Diversa l'impostazione di Picasso. Guernica, che dipingerà in pochissimi giorni (l'inaugurazione del padiglione sarà il 25 maggio), vuole essere un grido di denuncia della guerra, una luce che si accende e rivela la brutalità e l'orrore dell'aggressione fascista alla democrazia spagnola. Picasso pensa l'opera, che prende una intera parete del piano terra del padiglione, come una sorta di sacra rappresentazione, strutturata secondo i canoni dell'arte sacra medievale, come un polittico composto di tre fasce verticali, due laterali più strette, simmetriche, contenenti a sinistra il toro ( simbolo di violenza e bestialità) e a destra un uomo in una casa in fiamme che tende le mani al cielo rappresentato in un urlo senza voce. Le due parti estreme fanno da quinta a quella centrale, più larga, ove è ammassato il maggior numero di personaggi, qui la composizione si organizza su una struttura “a frontone” ispirato ai templi greci che converge verso la lampada a esplicitare lo scopo dell'opera: fare luce sull'orrore.
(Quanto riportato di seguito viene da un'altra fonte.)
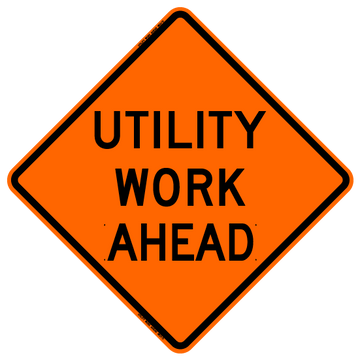 Bone Safety Non-Reflective Vinyl 48"x48" "Utility Work Ahead" Orange Roll-up Sign NV4848UWAOC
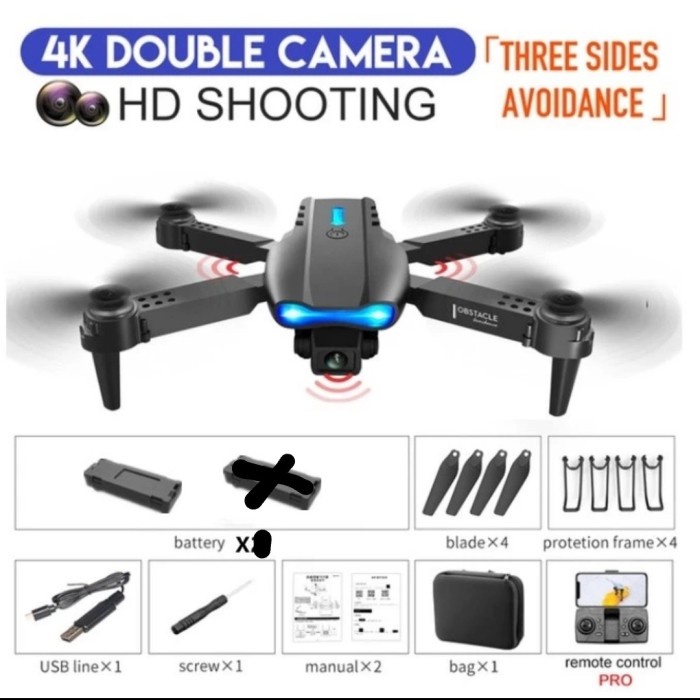 DRONE E99 PRO DRONE K3 PRO DUAL KAMERA ALTITUDE HOLD -Minus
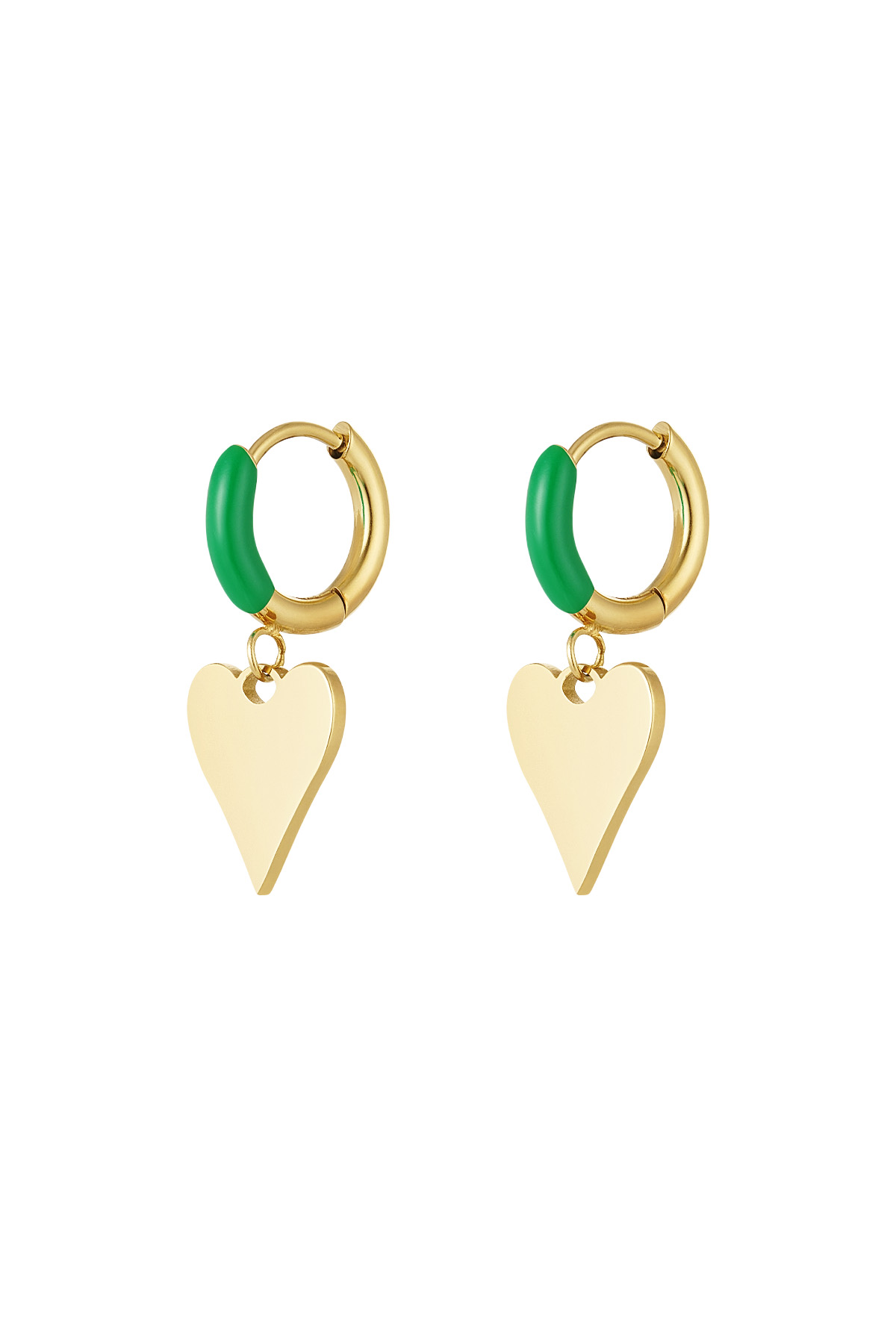 Earrings colorful heart - Gold color/green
All’estrema sinistra una madre lancia al cielo il suo grido straziante mentre stringe fra le mani il cadavere del figlio. Picasso lo definirà un riferimento esplicito alla pietà di Michelangelo. Al vertice un cavallo ferito, simbolo del popolo spagnolo, nitrisce dolorosamente protendendo verso l’alto una lingua aguzza come una scheggia di vetro. Sopra di lui una lampada che illumina la scena e rende evidente ciò che sta accadendo. Da una finestra una figura femminile sporge una lampada. E' un omaggio e una dedica a Dora Maar che per prima ha aperto gli occhi del pittore sull'orrore di Guernica e ad insistere perchè si prendesse posizione. Ovunque sono morte e distruzione, sottolineate da un disegno duro e quasi tagliente. All’angolo inferiore destro una donna in ginocchio tende le braccia al cielo. Al suolo, tra le macerie, si assiste all’orrore dei cadaveri straziati.


Esattamente al centro del dipinto una mano serra ancora una spada spezzata, da cui germoglia un fiore: è l'unico segno di speranza, ma da il senso profondo dell'opera. Occorre far luce sull'orrore, squarciare le tenebre che coprono la violenza e la vogliono rendere invisibile e impunita. Solo così può risorgere dalle rovine e dalla morte il fiore della libertà e della pace. Questo è il compito dell'artista: fare luce, rappresentare l'indicibile, lasciare aperta una via alla speranza.

“Io – affermerà anni più tardi Picasso - non ho mai considerato la pittura come un’arte di puro piacere, di distrazione. Io ho voluto con il disegno e col colore, dato che sono le mie armi, penetrare sempre più nella coscienza degli uomini e del mondo, affinché questa coscienza ci liberi ogni giorno di più”.